Globalization is a social process in which the constraints of geography on social and cultural arrangements recede and in which people become increasingly aware that they are receding. But globalization is not a new phenomenon. Since 1795, globalization and the integration of the world-system have increased as the result of three waves of cross-cultural business contact. International Organizational Behavior is the study of behavior in organizations around the world.

Differences from Organizational Behavior in the United States

  1. The study of organizational behavior in the U.S. is not sensitive to variations in national cultures.
  2. The focus of studies conducted in the U.S. is usually individual roles and the functioning of groups.
  3. Much U.S. organizational behavior research emulates natural science methods that emphasize narrow research questions, hypothesis testing, and quantifiable data. An alternative approach to studying culture is using qualitative ethnographic techniques. Because of these limitations, the approach to international management and organizational behavior presented here extends the American model by using national culture as the organizational context and explanation. Another recent development is the systematic comparative study of work across cultures from a sociological perspective.

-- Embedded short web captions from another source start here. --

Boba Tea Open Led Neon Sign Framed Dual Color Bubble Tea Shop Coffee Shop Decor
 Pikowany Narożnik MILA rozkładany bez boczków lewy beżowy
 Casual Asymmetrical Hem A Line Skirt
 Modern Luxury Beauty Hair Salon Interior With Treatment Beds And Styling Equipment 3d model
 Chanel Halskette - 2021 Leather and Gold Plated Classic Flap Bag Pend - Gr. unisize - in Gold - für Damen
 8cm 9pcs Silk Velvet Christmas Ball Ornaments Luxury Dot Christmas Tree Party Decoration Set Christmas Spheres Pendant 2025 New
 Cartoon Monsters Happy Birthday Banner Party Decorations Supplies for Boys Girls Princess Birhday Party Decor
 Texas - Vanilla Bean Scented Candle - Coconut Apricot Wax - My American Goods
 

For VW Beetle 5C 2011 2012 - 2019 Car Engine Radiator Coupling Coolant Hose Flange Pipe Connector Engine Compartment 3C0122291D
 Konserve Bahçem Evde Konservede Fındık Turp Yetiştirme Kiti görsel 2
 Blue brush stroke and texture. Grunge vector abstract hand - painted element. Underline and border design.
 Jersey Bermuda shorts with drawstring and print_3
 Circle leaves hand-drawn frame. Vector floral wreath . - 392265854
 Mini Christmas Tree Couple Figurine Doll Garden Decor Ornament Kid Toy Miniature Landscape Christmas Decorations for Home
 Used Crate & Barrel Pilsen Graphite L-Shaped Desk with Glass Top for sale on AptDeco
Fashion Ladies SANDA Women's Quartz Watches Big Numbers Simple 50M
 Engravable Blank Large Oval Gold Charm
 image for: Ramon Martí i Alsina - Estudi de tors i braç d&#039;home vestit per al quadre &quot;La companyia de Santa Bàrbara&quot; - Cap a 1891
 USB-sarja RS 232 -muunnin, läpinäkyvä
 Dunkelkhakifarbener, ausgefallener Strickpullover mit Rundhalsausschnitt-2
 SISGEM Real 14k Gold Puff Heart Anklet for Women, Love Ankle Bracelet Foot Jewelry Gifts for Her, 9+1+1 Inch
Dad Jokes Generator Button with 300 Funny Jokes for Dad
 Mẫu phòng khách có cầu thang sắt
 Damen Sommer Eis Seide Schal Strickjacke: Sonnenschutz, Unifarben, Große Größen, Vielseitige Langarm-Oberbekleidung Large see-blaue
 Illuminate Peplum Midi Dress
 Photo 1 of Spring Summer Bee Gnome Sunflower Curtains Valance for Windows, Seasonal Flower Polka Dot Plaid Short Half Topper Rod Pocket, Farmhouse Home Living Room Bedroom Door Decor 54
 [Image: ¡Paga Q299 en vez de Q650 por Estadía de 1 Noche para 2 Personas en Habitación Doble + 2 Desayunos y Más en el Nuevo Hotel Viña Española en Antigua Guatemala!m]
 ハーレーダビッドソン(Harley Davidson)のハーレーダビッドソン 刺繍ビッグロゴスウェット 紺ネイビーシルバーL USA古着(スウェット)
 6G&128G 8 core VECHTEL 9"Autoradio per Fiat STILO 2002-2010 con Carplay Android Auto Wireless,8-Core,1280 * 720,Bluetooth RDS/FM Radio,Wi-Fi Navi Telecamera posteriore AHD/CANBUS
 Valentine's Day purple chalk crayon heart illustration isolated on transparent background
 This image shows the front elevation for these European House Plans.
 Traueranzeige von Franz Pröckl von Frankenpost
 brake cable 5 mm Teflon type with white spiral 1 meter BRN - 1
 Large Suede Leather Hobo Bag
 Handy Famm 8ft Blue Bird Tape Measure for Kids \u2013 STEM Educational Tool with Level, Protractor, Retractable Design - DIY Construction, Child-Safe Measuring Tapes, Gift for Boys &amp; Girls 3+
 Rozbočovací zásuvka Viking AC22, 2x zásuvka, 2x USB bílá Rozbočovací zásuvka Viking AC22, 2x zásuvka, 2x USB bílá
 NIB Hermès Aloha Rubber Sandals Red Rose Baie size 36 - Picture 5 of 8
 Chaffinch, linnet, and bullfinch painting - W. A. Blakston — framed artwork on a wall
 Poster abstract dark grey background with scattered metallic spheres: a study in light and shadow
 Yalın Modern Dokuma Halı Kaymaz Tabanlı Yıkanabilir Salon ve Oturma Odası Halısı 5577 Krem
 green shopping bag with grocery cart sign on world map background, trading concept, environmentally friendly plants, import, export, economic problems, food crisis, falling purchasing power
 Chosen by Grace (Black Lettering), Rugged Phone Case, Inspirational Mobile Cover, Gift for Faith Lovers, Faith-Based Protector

Competitive Advantage to Succeed in the New Economy

  1. Understanding the nature of competition in the global marketplace. Learn about the technologies, management practices, strategies, and product development of firms around the globe as well as domestic rivals. Increased emphasis on international product quality, global finance, and the ability to purchase products from companies located anywhere.
  2. Explore and evaluate prospects for collaboration with other companies. Strategic alliances are common between competitors.
  3. Facilitate borrowing ideas from other cultures to improve organization performance. Since the late 1970s, Great Britain & the U.S. have borrowed Japanese management techniques including total quality control and just-in-time manufacturing.
  4. Multiculturalism in the workforce is increasing. The management of people with diverse cultural backgrounds improves when managers understand and apply organizational theories based on cultural explanations.

Organizational Analysis

The second reason to study IOB is that formal organizations are a major social structure in modern societies. The influence of organizations on daily life is pervasive, and their leaders have significant power.

Analysis of Culture

The third reason to study IOB is intellectual curiosity about cultures other than one’s own. In addition, knowledge of other cultures generates insights into one’s own culture and behavior. This is because most of us believe that our culture is preferable – possibly superior – to other cultures.

Explaining IOB

Mechanical models of individual and organizational behavior ignored the influence of outside forces on behavior in organizations. As the external environments of organizations became more turbulent, research focused more on the relationship between organizations and their environments but usually excluded culture as a causal variable. No single or best approach applies to all management situations; there are still competing theories and debates over complex issues.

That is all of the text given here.